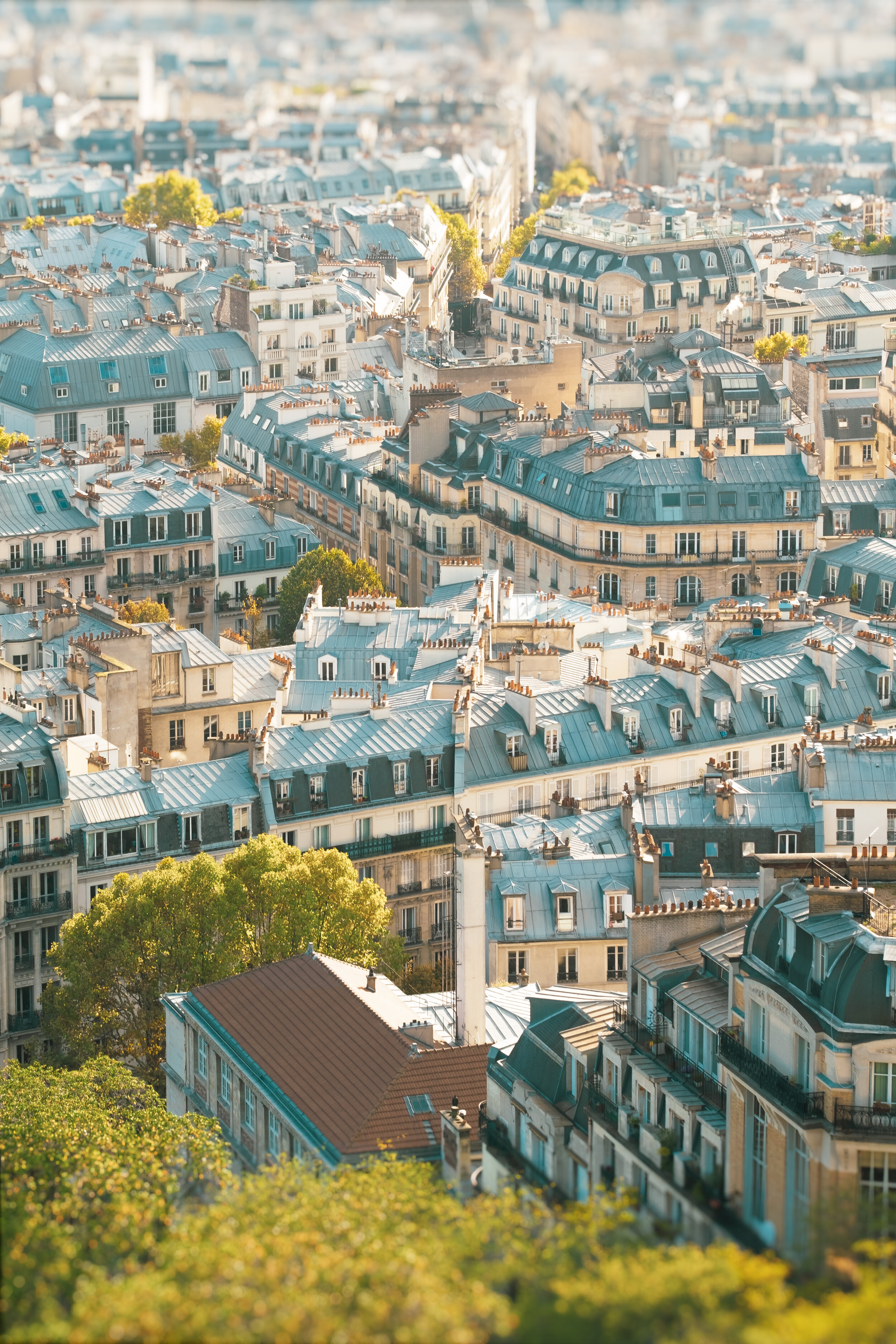 PARIS FROM ABOVE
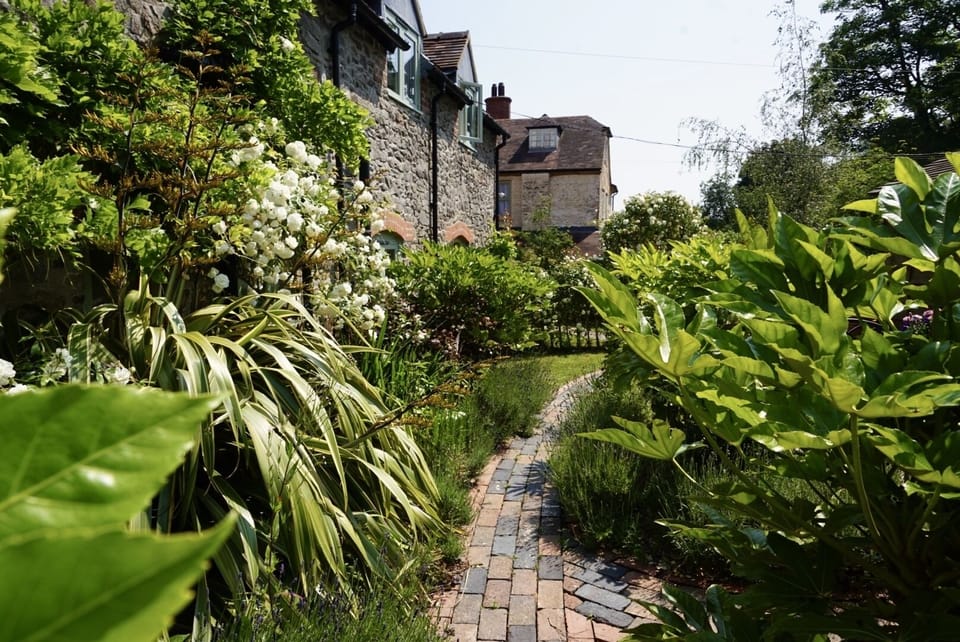 House | Property grounds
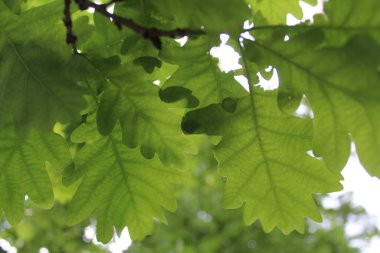 Yazın bir ağaç dalında taze yeşil meşe yaprakları.
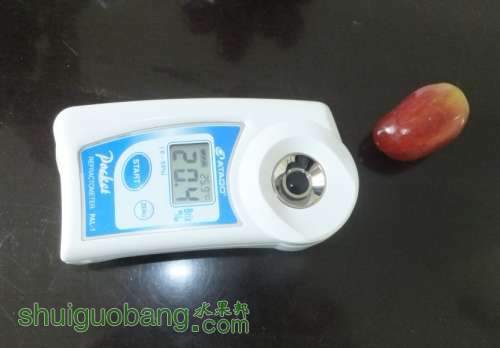 2012110209.jpg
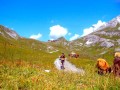 Thumbs/tn_strelapass-aufstieg.jpg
○ ○ ○
**WORK TASK**
The response should contain every record above exactly as written, and none of the pictures.

**RESULT OF THIS TASK**
 PARIS FROM ABOVE
 House | Property grounds
 Yazın bir ağaç dalında taze yeşil meşe yaprakları.
 2012110209.jpg
 Thumbs/tn_strelapass-aufstieg.jpg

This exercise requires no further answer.